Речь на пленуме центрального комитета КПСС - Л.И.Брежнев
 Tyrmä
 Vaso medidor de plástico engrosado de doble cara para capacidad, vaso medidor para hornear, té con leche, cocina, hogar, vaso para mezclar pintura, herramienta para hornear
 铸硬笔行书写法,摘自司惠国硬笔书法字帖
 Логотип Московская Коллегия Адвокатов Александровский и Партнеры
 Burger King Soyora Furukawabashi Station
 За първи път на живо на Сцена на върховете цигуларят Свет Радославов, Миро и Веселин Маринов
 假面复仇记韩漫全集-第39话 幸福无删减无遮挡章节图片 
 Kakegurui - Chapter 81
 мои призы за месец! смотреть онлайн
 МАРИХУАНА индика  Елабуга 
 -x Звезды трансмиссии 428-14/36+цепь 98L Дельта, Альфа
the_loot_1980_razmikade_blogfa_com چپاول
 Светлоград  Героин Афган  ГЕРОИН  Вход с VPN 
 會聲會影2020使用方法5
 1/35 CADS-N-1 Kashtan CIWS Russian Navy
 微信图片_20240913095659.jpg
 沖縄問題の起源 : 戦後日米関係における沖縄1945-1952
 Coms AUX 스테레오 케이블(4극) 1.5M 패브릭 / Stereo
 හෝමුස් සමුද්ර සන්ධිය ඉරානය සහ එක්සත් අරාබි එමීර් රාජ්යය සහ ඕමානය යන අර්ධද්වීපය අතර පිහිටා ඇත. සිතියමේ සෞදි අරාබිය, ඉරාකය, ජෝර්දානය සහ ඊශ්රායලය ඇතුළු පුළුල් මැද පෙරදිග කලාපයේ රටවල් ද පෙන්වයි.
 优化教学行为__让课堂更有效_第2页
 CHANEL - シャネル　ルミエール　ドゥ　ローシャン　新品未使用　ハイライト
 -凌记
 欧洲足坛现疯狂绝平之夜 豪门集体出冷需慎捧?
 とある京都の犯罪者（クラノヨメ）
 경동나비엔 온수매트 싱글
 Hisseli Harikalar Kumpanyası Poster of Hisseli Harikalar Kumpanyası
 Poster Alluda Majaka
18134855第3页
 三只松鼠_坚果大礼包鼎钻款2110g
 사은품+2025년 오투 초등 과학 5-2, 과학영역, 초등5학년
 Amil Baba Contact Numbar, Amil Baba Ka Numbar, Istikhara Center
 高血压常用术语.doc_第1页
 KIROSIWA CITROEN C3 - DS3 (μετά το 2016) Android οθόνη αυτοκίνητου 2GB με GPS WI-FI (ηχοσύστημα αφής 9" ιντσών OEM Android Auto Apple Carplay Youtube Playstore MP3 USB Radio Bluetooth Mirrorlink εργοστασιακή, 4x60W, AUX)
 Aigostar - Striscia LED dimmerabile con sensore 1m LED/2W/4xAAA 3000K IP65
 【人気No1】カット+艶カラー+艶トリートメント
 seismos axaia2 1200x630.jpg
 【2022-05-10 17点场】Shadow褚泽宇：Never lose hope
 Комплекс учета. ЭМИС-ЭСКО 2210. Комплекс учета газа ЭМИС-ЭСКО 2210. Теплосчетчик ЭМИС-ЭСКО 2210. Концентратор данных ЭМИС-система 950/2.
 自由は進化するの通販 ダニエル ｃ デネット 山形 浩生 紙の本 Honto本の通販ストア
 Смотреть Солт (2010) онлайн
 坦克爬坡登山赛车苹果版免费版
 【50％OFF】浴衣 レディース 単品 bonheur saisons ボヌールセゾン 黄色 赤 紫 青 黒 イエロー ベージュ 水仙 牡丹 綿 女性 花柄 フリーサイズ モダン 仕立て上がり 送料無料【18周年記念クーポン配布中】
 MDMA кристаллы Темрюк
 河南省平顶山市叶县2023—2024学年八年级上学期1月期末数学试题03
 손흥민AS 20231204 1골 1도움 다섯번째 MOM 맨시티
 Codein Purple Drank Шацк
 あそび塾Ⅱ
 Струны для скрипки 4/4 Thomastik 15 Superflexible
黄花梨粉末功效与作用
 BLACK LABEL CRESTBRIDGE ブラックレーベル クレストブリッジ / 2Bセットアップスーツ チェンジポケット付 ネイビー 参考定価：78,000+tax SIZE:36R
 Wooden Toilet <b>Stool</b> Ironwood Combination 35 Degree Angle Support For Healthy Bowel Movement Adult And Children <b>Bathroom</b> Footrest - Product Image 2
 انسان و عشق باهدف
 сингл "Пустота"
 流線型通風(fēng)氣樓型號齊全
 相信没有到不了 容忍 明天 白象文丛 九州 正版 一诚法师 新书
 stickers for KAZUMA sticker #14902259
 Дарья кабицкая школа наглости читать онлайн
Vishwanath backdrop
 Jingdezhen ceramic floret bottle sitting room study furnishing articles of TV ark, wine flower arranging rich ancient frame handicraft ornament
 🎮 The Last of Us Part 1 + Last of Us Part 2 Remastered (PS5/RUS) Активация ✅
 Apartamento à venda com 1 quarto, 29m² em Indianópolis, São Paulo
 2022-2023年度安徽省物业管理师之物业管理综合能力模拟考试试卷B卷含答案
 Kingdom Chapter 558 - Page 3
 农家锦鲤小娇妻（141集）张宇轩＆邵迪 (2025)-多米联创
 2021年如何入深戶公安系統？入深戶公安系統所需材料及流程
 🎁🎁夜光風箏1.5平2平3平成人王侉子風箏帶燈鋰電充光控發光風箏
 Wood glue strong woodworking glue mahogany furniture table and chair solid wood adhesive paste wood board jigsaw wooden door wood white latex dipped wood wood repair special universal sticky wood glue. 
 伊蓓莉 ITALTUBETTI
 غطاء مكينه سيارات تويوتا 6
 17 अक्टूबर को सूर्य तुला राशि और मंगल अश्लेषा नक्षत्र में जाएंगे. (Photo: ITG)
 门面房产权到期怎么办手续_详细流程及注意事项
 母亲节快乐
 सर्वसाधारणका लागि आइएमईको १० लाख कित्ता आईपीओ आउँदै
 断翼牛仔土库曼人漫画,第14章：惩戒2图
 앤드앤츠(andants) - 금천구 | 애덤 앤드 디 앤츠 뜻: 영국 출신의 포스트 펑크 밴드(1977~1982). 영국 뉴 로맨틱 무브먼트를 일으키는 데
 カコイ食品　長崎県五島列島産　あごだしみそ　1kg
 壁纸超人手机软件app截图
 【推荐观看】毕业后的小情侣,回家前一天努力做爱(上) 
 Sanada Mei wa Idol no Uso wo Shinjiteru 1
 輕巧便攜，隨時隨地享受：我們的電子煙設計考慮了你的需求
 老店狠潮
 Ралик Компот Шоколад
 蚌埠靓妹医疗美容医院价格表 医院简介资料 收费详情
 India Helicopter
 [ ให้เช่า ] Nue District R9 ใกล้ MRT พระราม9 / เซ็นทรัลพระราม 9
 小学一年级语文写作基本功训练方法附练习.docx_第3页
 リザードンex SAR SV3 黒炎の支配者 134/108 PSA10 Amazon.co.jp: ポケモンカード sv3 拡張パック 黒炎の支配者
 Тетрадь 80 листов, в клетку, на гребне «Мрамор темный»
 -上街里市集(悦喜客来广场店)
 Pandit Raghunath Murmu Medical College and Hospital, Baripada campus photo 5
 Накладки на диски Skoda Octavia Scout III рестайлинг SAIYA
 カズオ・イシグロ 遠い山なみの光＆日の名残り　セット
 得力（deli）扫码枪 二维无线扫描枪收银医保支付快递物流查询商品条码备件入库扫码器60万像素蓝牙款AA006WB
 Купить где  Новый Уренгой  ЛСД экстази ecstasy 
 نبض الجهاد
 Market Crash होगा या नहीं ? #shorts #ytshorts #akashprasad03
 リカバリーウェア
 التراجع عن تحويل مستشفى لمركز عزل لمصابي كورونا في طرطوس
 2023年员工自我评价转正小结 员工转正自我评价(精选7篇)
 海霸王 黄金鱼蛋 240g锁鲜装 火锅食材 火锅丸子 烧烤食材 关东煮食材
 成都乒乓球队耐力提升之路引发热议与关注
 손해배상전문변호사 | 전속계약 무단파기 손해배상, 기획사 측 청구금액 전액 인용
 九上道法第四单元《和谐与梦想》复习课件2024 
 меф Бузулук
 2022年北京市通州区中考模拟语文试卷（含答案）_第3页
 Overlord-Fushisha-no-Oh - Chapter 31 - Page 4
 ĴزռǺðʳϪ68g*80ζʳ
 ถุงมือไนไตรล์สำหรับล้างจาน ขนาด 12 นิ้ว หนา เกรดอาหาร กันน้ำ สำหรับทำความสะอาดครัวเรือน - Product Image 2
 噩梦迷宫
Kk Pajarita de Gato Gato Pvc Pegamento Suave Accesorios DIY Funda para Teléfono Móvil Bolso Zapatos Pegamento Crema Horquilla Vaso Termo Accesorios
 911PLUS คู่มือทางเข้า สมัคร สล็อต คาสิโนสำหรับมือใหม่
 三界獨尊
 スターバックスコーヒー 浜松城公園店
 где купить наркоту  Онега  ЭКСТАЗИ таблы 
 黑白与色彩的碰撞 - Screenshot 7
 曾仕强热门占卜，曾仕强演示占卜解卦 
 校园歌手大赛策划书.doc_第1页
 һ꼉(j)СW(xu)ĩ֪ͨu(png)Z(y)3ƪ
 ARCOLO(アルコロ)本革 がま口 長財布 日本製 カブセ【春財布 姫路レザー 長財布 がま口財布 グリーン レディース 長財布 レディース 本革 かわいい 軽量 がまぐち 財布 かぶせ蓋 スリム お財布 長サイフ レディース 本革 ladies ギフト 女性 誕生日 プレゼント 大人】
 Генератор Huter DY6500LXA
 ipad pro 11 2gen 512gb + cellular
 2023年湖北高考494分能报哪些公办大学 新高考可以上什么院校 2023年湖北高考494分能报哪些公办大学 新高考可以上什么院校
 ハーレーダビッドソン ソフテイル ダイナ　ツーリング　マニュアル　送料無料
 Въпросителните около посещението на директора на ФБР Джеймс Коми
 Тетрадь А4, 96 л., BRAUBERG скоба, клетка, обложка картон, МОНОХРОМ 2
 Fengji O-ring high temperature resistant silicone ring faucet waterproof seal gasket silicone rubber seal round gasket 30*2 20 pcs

______________________________

WORK TASK: Could you set down, exactly as written, the lines above between the one holding "Kakegurui - Chapter 81" and the one holding "MDMA кристаллы Темрюк", inclusive, and nothing more?

YOUR SOLUTION:
 Kakegurui - Chapter 81
 мои призы за месец! смотреть онлайн
 МАРИХУАНА индика  Елабуга 
 -x Звезды трансмиссии 428-14/36+цепь 98L Дельта, Альфа
the_loot_1980_razmikade_blogfa_com چپاول
 Светлоград  Героин Афган  ГЕРОИН  Вход с VPN 
 會聲會影2020使用方法5
 1/35 CADS-N-1 Kashtan CIWS Russian Navy
 微信图片_20240913095659.jpg
 沖縄問題の起源 : 戦後日米関係における沖縄1945-1952
 Coms AUX 스테레오 케이블(4극) 1.5M 패브릭 / Stereo
 හෝමුස් සමුද්ර සන්ධිය ඉරානය සහ එක්සත් අරාබි එමීර් රාජ්යය සහ ඕමානය යන අර්ධද්වීපය අතර පිහිටා ඇත. සිතියමේ සෞදි අරාබිය, ඉරාකය, ජෝර්දානය සහ ඊශ්රායලය ඇතුළු පුළුල් මැද පෙරදිග කලාපයේ රටවල් ද පෙන්වයි.
 优化教学行为__让课堂更有效_第2页
 CHANEL - シャネル　ルミエール　ドゥ　ローシャン　新品未使用　ハイライト
 -凌记
 欧洲足坛现疯狂绝平之夜 豪门集体出冷需慎捧?
 とある京都の犯罪者（クラノヨメ）
 경동나비엔 온수매트 싱글
 Hisseli Harikalar Kumpanyası Poster of Hisseli Harikalar Kumpanyası
 Poster Alluda Majaka
18134855第3页
 三只松鼠_坚果大礼包鼎钻款2110g
 사은품+2025년 오투 초등 과학 5-2, 과학영역, 초등5학년
 Amil Baba Contact Numbar, Amil Baba Ka Numbar, Istikhara Center
 高血压常用术语.doc_第1页
 KIROSIWA CITROEN C3 - DS3 (μετά το 2016) Android οθόνη αυτοκίνητου 2GB με GPS WI-FI (ηχοσύστημα αφής 9" ιντσών OEM Android Auto Apple Carplay Youtube Playstore MP3 USB Radio Bluetooth Mirrorlink εργοστασιακή, 4x60W, AUX)
 Aigostar - Striscia LED dimmerabile con sensore 1m LED/2W/4xAAA 3000K IP65
 【人気No1】カット+艶カラー+艶トリートメント
 seismos axaia2 1200x630.jpg
 【2022-05-10 17点场】Shadow褚泽宇：Never lose hope
 Комплекс учета. ЭМИС-ЭСКО 2210. Комплекс учета газа ЭМИС-ЭСКО 2210. Теплосчетчик ЭМИС-ЭСКО 2210. Концентратор данных ЭМИС-система 950/2.
 自由は進化するの通販 ダニエル ｃ デネット 山形 浩生 紙の本 Honto本の通販ストア
 Смотреть Солт (2010) онлайн
 坦克爬坡登山赛车苹果版免费版
 【50％OFF】浴衣 レディース 単品 bonheur saisons ボヌールセゾン 黄色 赤 紫 青 黒 イエロー ベージュ 水仙 牡丹 綿 女性 花柄 フリーサイズ モダン 仕立て上がり 送料無料【18周年記念クーポン配布中】
 MDMA кристаллы Темрюк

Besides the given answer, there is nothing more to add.